The court's 7-0 ruling is a victory for conservative and evangelical backers of Proposition 8, the 2008 ballot initiative that ended same-sex marriage in California. State officials have declined to defend the measure in a federal appeals court.

"When an initiative measure is challenged in court, the integrity and effectiveness of the judicial process require that a competent and spirited defense be presented," Justice Joyce Kennard wrote in a concurring opinion.

"If public officials refuse to provide that defense, the ability of the initiative proponents to intervene in the pending litigation, and to appeal an adverse judgment, is inherent in, and essential to the effective exercise of, the constitutional initiative power."

Prop 8 supporters have been working on the case with the Alliance Defense Fund, a leading Christian law firm.
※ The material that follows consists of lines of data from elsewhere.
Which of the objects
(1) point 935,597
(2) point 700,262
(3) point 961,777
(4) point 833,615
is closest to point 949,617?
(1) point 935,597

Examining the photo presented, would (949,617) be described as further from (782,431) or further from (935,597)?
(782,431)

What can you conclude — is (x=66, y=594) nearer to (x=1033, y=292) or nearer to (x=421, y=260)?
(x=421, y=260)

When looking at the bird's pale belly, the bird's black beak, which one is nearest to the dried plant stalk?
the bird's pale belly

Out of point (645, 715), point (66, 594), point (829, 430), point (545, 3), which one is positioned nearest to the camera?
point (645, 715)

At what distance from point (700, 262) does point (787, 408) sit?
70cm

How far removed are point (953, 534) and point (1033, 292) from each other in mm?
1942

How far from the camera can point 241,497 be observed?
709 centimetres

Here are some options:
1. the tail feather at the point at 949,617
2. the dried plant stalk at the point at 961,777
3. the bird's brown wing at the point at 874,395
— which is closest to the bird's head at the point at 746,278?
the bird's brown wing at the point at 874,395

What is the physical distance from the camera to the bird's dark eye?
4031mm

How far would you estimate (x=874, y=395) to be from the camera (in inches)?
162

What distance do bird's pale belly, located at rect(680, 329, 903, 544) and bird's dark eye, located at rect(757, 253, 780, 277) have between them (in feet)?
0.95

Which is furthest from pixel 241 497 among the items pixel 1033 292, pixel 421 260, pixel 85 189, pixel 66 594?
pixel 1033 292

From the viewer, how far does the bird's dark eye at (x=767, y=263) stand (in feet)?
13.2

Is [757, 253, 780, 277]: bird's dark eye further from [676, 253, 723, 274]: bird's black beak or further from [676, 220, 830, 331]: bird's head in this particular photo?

Mormon and Roman Catholic churches also lent strong support to the proposition though the various court challenges.

Andrew Pugno, an attorney for ProtectMarriage.com, told a San Francisco radio station that the state court's ruling "really is a huge disaster for the homosexual marriage extremists."
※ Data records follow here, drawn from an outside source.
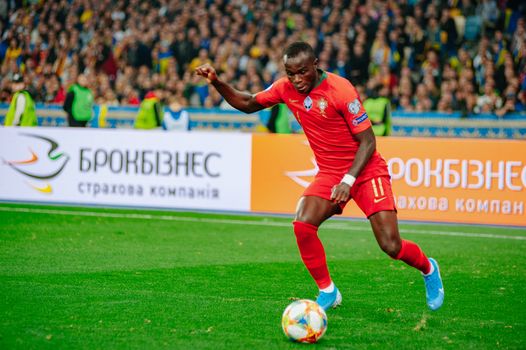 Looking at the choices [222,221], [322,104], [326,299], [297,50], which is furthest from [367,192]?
[222,221]

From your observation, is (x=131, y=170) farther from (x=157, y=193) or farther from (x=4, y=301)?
(x=4, y=301)

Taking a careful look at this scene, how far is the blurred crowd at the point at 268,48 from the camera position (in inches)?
754

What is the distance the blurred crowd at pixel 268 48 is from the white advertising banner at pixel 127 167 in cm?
441

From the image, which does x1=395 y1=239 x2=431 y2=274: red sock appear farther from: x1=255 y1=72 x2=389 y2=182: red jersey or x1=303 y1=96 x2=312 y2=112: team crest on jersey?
x1=303 y1=96 x2=312 y2=112: team crest on jersey

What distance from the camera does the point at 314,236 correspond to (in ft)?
24.1

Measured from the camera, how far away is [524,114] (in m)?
17.3

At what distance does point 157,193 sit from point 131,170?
1.86 feet

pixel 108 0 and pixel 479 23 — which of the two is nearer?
pixel 479 23

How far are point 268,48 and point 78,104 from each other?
212 inches

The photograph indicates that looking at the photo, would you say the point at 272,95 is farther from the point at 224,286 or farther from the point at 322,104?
the point at 224,286

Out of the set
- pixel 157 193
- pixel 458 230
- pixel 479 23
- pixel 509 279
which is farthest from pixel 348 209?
pixel 479 23

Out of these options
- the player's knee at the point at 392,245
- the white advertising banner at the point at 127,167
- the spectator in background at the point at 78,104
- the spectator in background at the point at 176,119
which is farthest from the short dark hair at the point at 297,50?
the spectator in background at the point at 78,104

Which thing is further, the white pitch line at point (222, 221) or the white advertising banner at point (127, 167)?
the white advertising banner at point (127, 167)

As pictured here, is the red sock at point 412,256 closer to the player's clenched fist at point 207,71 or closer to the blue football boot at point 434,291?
the blue football boot at point 434,291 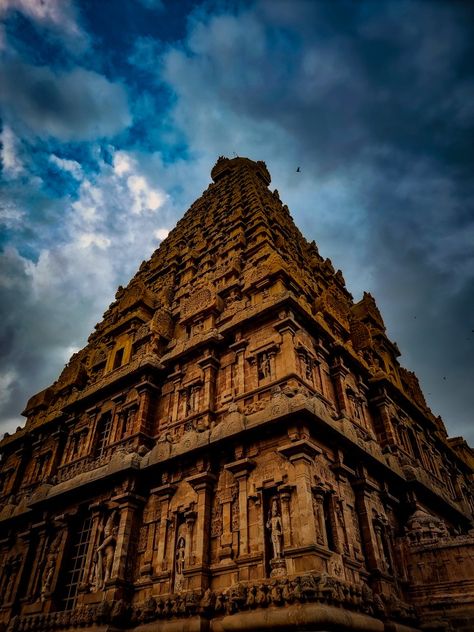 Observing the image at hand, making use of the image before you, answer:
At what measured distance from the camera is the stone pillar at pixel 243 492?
13.9 m

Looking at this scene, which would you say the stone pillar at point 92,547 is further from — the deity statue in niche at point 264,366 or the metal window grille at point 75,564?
the deity statue in niche at point 264,366

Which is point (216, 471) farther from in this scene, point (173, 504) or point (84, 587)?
point (84, 587)

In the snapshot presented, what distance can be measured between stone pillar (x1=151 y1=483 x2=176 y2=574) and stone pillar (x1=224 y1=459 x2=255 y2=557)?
9.59 feet

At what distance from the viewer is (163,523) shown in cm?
1645

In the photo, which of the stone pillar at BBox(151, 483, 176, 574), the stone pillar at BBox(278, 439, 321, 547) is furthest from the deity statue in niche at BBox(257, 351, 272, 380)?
the stone pillar at BBox(151, 483, 176, 574)

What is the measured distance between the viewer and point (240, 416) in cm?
1622

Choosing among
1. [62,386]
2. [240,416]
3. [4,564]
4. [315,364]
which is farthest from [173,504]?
[62,386]

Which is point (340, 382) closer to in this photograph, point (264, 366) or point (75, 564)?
point (264, 366)

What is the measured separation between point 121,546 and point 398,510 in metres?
11.4

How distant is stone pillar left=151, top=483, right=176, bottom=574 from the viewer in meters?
15.7

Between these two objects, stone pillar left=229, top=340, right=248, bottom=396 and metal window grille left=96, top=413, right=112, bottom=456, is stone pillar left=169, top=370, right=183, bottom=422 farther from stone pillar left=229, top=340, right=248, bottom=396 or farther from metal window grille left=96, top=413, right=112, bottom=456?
metal window grille left=96, top=413, right=112, bottom=456

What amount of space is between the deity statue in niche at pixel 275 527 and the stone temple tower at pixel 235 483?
0.04 meters

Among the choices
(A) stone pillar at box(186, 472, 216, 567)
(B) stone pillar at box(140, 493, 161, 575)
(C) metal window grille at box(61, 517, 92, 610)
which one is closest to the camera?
(A) stone pillar at box(186, 472, 216, 567)

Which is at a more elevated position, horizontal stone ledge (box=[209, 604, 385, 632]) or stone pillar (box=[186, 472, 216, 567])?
stone pillar (box=[186, 472, 216, 567]) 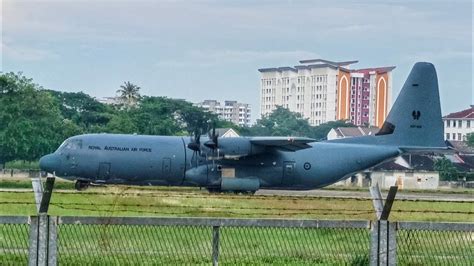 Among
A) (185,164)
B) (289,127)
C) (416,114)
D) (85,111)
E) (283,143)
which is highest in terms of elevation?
(289,127)

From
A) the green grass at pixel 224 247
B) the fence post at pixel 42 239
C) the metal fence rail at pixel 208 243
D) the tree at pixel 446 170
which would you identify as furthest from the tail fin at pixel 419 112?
the tree at pixel 446 170

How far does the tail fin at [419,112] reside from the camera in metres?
47.7

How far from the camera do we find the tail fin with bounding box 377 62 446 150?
47688mm

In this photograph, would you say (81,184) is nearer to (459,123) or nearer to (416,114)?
(416,114)

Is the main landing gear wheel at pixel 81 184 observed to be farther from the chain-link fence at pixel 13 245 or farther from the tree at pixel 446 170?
the tree at pixel 446 170

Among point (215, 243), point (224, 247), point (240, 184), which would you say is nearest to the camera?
point (215, 243)

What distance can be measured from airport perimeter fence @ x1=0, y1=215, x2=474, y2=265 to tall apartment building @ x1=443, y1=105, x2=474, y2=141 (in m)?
152

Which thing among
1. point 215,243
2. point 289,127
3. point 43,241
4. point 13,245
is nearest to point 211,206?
point 13,245

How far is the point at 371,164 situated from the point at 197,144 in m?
8.22

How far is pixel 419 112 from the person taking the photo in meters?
48.1

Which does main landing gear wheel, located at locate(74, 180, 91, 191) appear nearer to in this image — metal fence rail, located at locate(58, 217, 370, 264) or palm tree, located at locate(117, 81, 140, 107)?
metal fence rail, located at locate(58, 217, 370, 264)

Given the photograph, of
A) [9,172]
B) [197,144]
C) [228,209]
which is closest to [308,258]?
[228,209]

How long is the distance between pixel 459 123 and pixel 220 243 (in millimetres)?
158383

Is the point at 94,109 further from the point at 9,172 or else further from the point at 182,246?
the point at 182,246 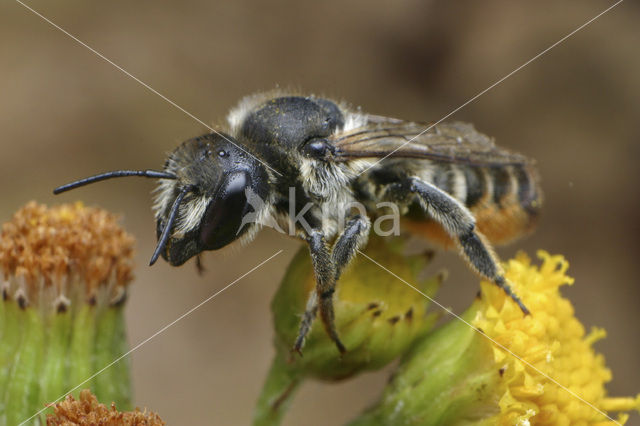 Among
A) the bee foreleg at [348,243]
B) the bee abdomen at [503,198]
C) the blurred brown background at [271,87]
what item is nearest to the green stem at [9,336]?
the bee foreleg at [348,243]

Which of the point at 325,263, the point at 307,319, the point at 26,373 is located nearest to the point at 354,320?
the point at 307,319

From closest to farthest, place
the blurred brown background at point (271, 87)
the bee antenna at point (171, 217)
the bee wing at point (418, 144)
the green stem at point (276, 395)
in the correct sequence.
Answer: the bee antenna at point (171, 217)
the bee wing at point (418, 144)
the green stem at point (276, 395)
the blurred brown background at point (271, 87)

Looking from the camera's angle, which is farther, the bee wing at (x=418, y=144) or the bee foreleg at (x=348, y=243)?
the bee wing at (x=418, y=144)

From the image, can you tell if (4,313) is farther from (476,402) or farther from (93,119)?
(93,119)

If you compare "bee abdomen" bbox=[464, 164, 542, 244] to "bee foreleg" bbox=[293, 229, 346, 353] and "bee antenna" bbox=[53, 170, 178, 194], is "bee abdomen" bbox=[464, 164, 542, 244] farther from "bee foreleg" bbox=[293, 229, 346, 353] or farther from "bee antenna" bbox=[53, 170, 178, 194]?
"bee antenna" bbox=[53, 170, 178, 194]

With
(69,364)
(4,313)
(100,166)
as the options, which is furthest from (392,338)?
(100,166)

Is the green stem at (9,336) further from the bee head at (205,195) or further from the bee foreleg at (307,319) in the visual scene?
the bee foreleg at (307,319) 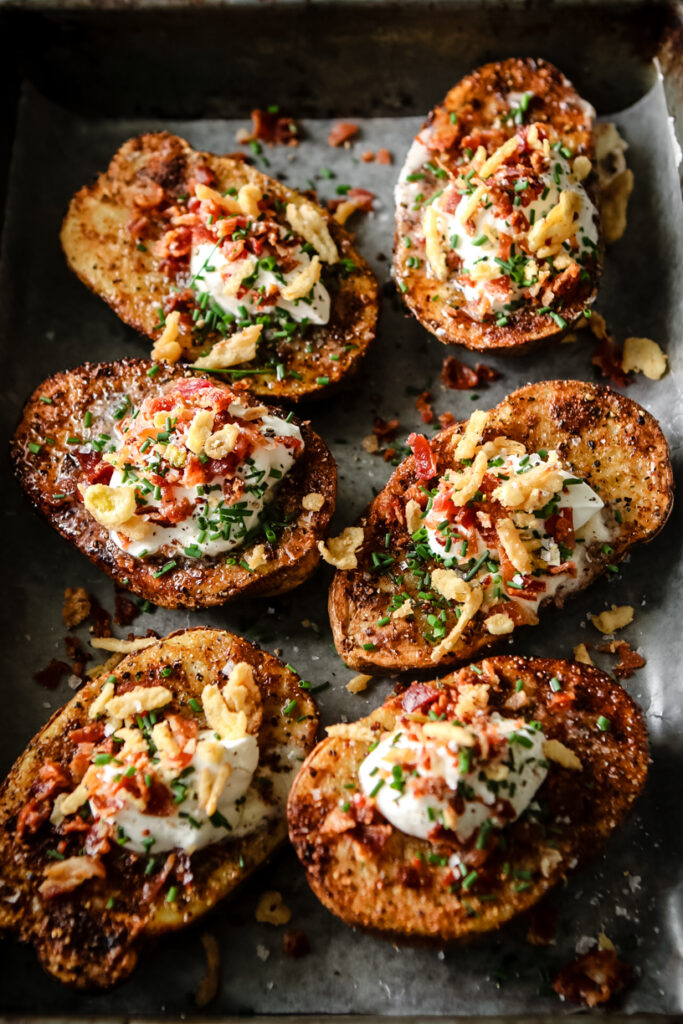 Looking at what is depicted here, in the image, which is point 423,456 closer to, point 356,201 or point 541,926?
point 356,201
Attorney Kate Kendell of the San Francisco-based National Center for Lesbian Rights said only state officials should be able to defend the initiative in court, even if they chose not to.

"We disagree profoundly ... that a handful of unelected initiative sponsors have the power to represent the interests of the entire public and to override the decisions of the state's elected executive officers," she said.

CCC reaction to the California Supreme Court ruling in the Perry v. Brown (Prop 8) "standing" case

The California Catholic Conference welcomed the November 17, 2011 unanimous (7-0) ruling by the justices of the California Supreme Court that the official proponents of a voter-passed initiative have standing to "appear and assert the state's interest in the initiative's validity and to appeal a judgment invalidating the measure when the public officials who ordinarily defend the measure or appeal such a judgment decline to do." (Page 5 of the ruling)

The case before the Ninth Circuit Court of Appeals challenging the federal district judge's ruling that Proposition 8 is unconstitutional can now go forward. It was in suspension awaiting affirmation by the California Supreme Court that the Proposition 8 proponents had "standing" to bring the appeal.

The CCC supports the decision of the voters of California to pass Proposition 8 in November 2008, thereby placing in our state's constitution the definition of marriage as the union of a woman and a man. By their vote they recognized that marriage is good for children and best for our state.